Anyhow, Skywalkers. It would probably be pretty cool for all of five minutes before the questions, the smirks, the light sabre noises, and the humming of the movie theme tune. Were there any? Only one way to find out - Google it. Actually, that didn’t work. Too much Luke, Leia and Anakin to wade through. No Skywalkers on LinkedIn. Or Facebook.
How about good old fashioned online telephone books? We tried the New Zealand White Pages. Nope. If there are any here, they’re not in the book (although, come to think of it, nor am I). The UK White Pages was a little ambiguous. Nothing on the regular list but there’s some sort of secret squirrel bit that costs and that looked to have a Skywalker or two. Unfortunately, nowhere near proof enough for a six-year-old boy.

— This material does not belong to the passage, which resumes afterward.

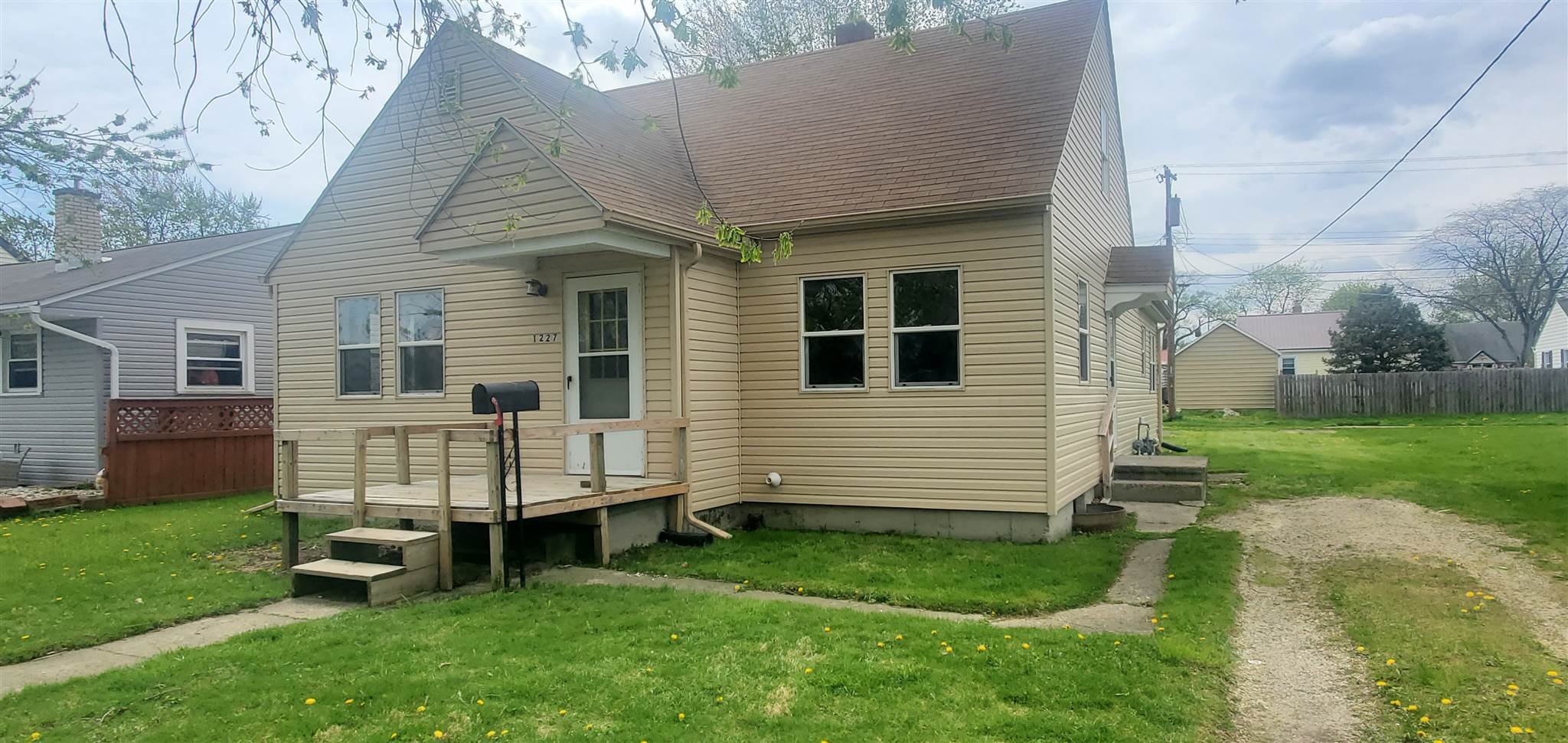 1227 Mix Avenue Decatur, IN 46733 - Photo 3 of 16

Next was the US version, and we hit the jackpot. Scores of Skywalkers. Sadly, a few Anakins and a couple of Lukes, but also a Barry, Dan, Daniel, Drew, Kathy, Laurie, Matthew, James. Loads of them. (By the way, we also found an L Skywalker residing across the ditch in Victoria.)
My look of smug satisfaction at being right was wasted on the little guy.
“What about Obi Wan Kenobis?’ he enquired immediately. Surely not.
Well, not in New Zealand , Australia or the UK. But we counted no fewer than six O or Obi or Obi Wan Kenobis, and two Ben Kenobis stateside. I don’t know about you, but I do find that a little bit sad.
Yodas, Solos and Vaders are commonplace. It is almost like we’re in a galaxy far, far away. There is even a Chewbacca. Chris Chewbacca, to be exact, a night manager at Osco Drug in Davenport, Iowa.
Could you really keep a straight face if someone introduced themselves as Chewbacca?
My little guy seemed pretty unfazed by the whole idea of having a name like that. He would probably try to track the guy down should we ever find ourselves in the Hawkeye State and looking for an aspirin.
However, when I added that Han Solo was played by someone with the name Ford, he was having none of it!
I guess when you’re six being named after a car brand is nowhere near as cool as being named after a seven-foot tall Wookie.